=== PROBLEM TO SOLVE ===
An exact copy of the listing is required, with its pictures removed.

=== DATA SHOWN ===
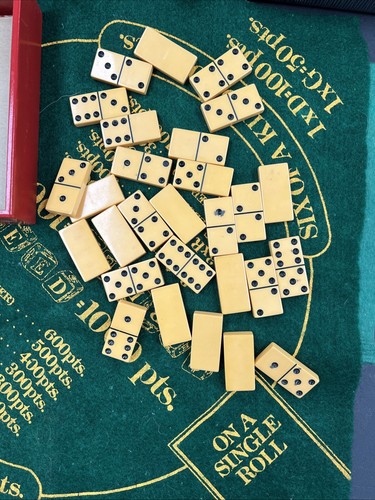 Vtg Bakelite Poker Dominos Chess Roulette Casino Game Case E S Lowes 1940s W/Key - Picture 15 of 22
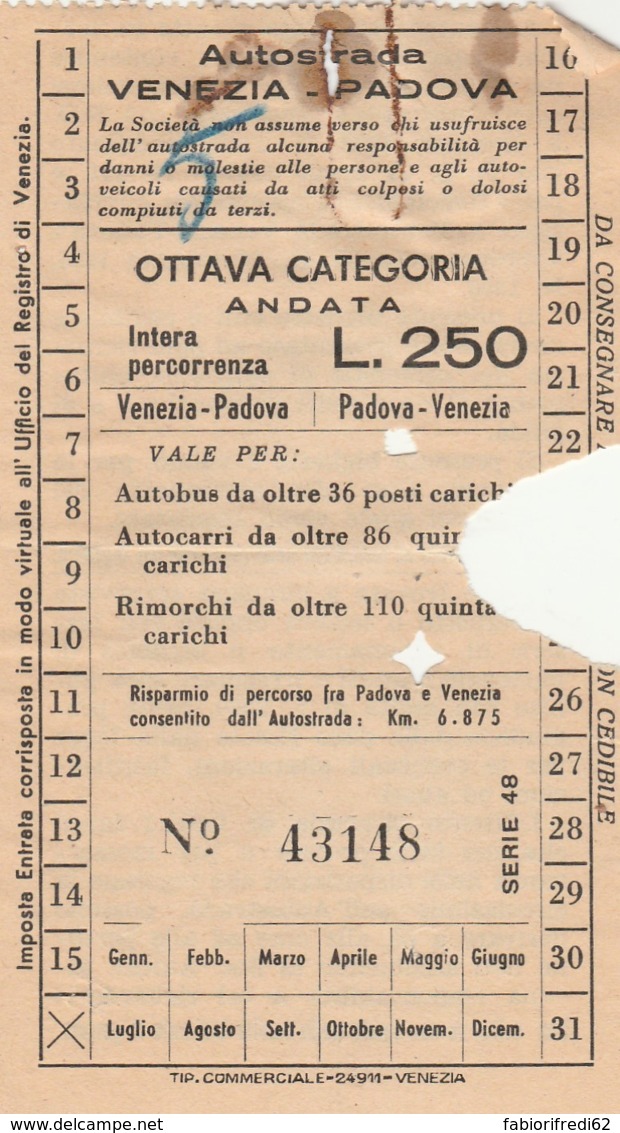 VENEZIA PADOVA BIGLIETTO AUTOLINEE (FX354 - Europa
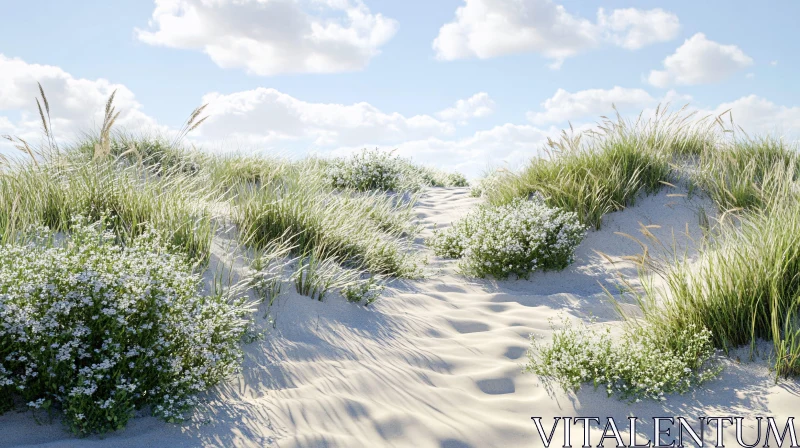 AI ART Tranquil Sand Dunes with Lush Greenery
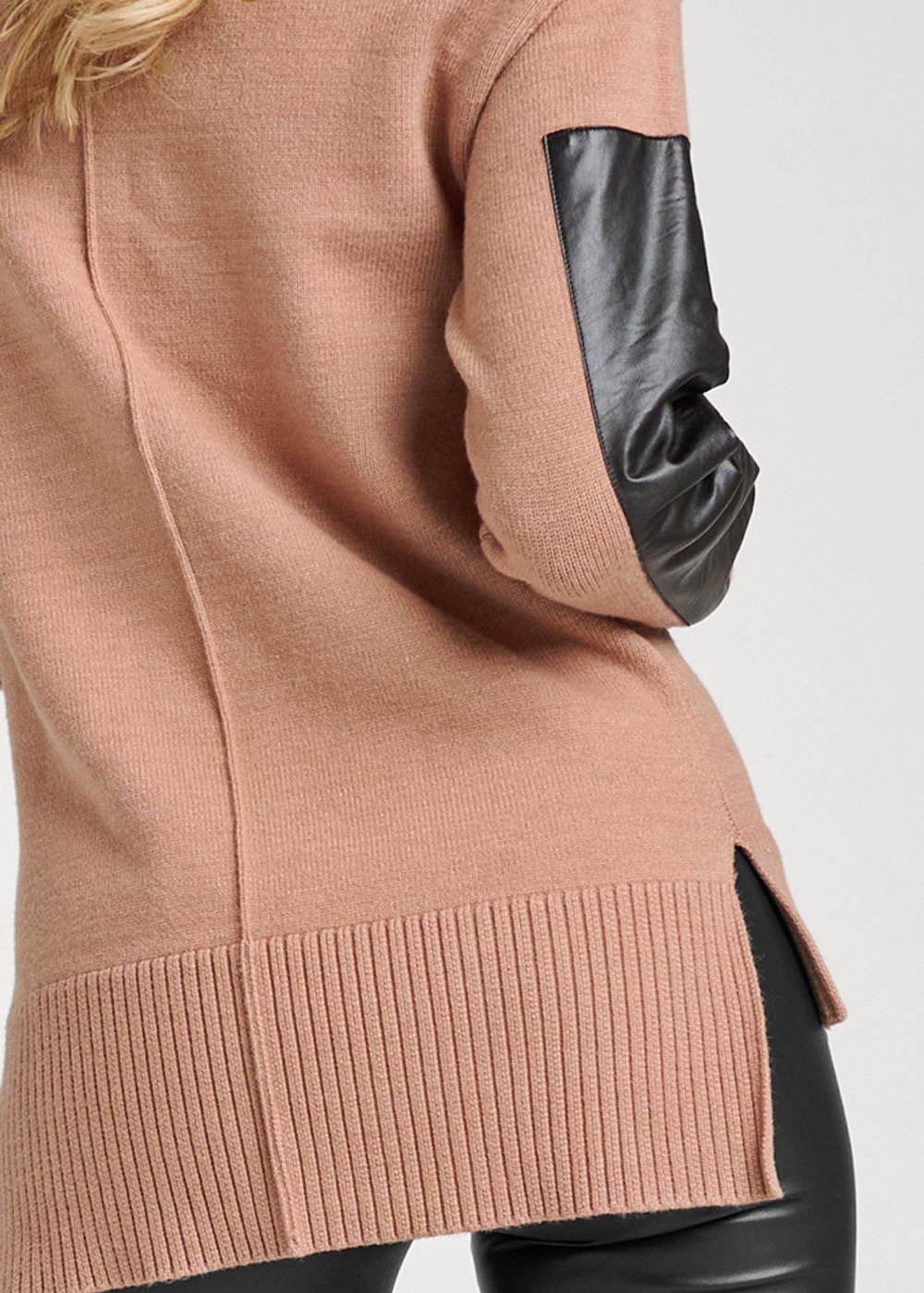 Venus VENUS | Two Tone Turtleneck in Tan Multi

=== COMPLETED EXERCISE ===
 Vtg Bakelite Poker Dominos Chess Roulette Casino Game Case E S Lowes 1940s W/Key - Picture 15 of 22
 VENEZIA PADOVA BIGLIETTO AUTOLINEE (FX354 - Europa
 AI ART Tranquil Sand Dunes with Lush Greenery
 Venus VENUS | Two Tone Turtleneck in Tan Multi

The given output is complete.